But some Cunarders seemingly can't forgive the company for becoming American. (Miami-based Carnival Corp. bought the line a decade ago and later moved Cunard's U.S. headquarters to Valencia, Calif.) Some think acquisition by Carnival was the beginning of the end.
Roger and Janet Birkin of Derbyshire, England, were among unhappy voyagers. (It didn't help that Roger got the stomach virus.) Janet found it "quite vulgar how they're trying to extract every dollar out of you. They're exploiting the Cunard name."
There's some truth to that. We had to buy our own drinks at the sail-away parties. Shore excursions cost as much as $129 per person. But the two I took -- to Santiago de Compostela in northern Spain and to Lisbon, Sintra and Cascais in Portugal -- were well organized, with excellent English-speaking guides and included first-rate lunches ashore.
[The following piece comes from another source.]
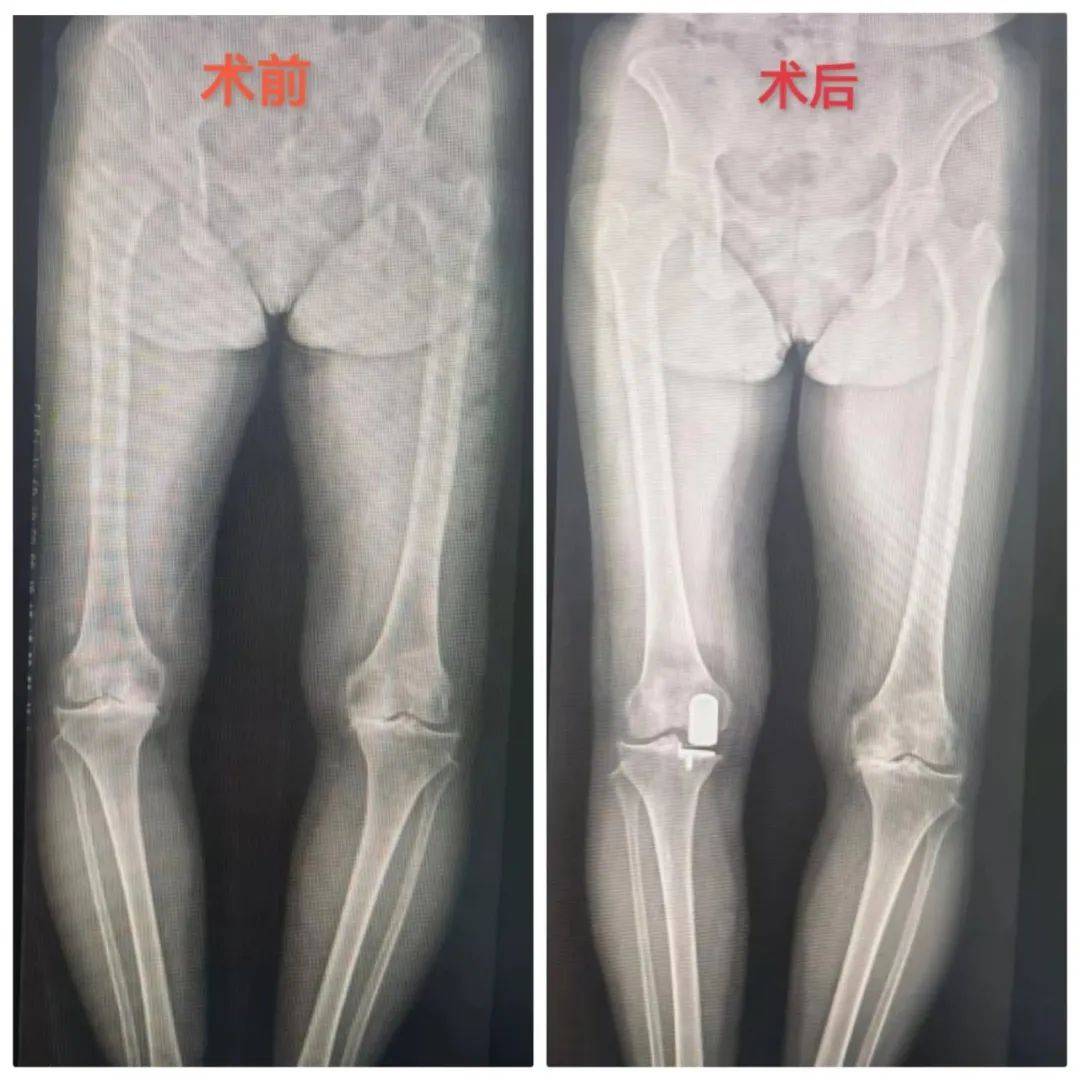 重整膝骨轻松迈步丨膝关节单髁置换为老年患者解决行走之痛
The ship's 24-hour computer center charged 50 cents a minute (with discounts for frequent Cunarders and package deals, such as $480 for 32 hours). Wi-Fi, widely available, was 50 cents a minute.
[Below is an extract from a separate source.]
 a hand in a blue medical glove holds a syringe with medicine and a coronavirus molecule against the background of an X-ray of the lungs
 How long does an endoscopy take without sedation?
The "daily programmes" included fencing classes, napkin folding, whist (similar to bridge), line dancing and electronic photo editing. Some were free; some weren't. There were lectures by British actress Sylvia Syms (the queen mother in the 2006 movie "The Queen") and motor-car racer Jackie Stewart.
I met happy passengers as well as disgruntled ones. Lorcas Martin, a Dublin psychiatrist and self-described cruise addict, said of the ship: "When she gets her character, she'll be fantastic." He had already booked the ship's cruise to Russia in May.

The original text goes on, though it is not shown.